The fact that ammonium carbamate appears readily on dust surfaces gives a direct route from common interstellar gases to a molecule that can feed richer organic networks. It joins a growing list of complex ions and organics now known to form in cold solid ices instead of hot gas.
Astronomers are now beginning to see these molecules beyond the lab. In 2025, a JWST study of the young disk d216-0939 reported ammonium carbamate in the ices around a forming star.
That detection sits in the same region where future comets and planets will grow. It links the chemistry on dust grains directly to material that can later assemble into planetary surfaces and atmospheres.
That detection raised an obvious question: How did such a complex salt form in a place where ammonia is expected to be relatively scarce compared with carbon dioxide?
The new lab work provides a natural answer by showing that diffusion along dust surfaces can bring the right molecules together even when they start in separate icy layers. It shows that the structure inside dust aggregates matters just as much as overall ice composition.
The reaction tracked in these experiments depends on diffusion, the slow, random motion that lets molecules wander from one spot to another over time.
Inside a porous dust layer, that wandering lets both carbon dioxide and ammonia explore large internal surfaces until they encounter each other and react.

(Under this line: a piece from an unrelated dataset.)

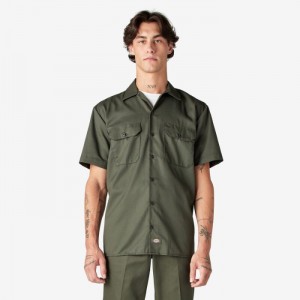 Dickies Scurte Sleeve Lucru Shirt Masline Verzi Verzi | BNAE8483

In cold interstellar clouds, gas-phase reactions are often too slow to build large organic molecules before the cloud collapses or disperses. Laboratory and theoretical research shows that reactions on icy dust grains can bypass that problem.
The grains let molecules meet on surfaces, stick together, and sometimes rearrange without needing high temperatures or frequent collisions. The new experiment folds porous mineral grains themselves into that surface chemistry toolkit.
As grains drift into regions where young stars heat their surroundings, they start to clump into larger aggregates with huge internal surface areas.
The new experiment suggests that warming lets ices seep into grain interiors and trigger reactions at exposed mineral sites. In this picture, cosmic dust acts as both a meeting place and a matchmaker.
“Dust isn’t just a passive background ingredient in space,” said Martin McCoustra, an astrochemist at Heriot-Watt University (HW).
Those surfaces do more than host one clever reaction. They hint that prebiotic chemistry may be common wherever rich ices coat porous grains in evolving planetary systems.
On the industrial side, detailed mechanistic work on the Bazarov route to urea shows that extra ammonia or water molecules can help push carbon dioxide toward ammonium carbamate.
Under mild conditions, that cooperative effect also makes urea formation more efficient. The space experiments echo that lesson with minerals replacing solvents as the helpers that steer the reaction.
Seen together, the lab chamber and the JWST observations make dust grains look like tiny chemical factories that operate for millions of years.
“The findings suggest that dust grains play a far more active role in astrochemistry than previously thought,” said Potapov.
Many other gas mixtures freeze onto dust grains in interstellar clouds and protoplanetary disks, thick disks of gas and dust around young stars where planets form.
Future experiments will push beyond carbon dioxide and ammonia to see whether diffusion through porous dust can also assemble larger and more varied organic molecules.
If so, the quiet chemistry inside these grains could turn out to be one of the most important steps between cold starlight and living worlds.
The study is published in The Astrophysical Journal.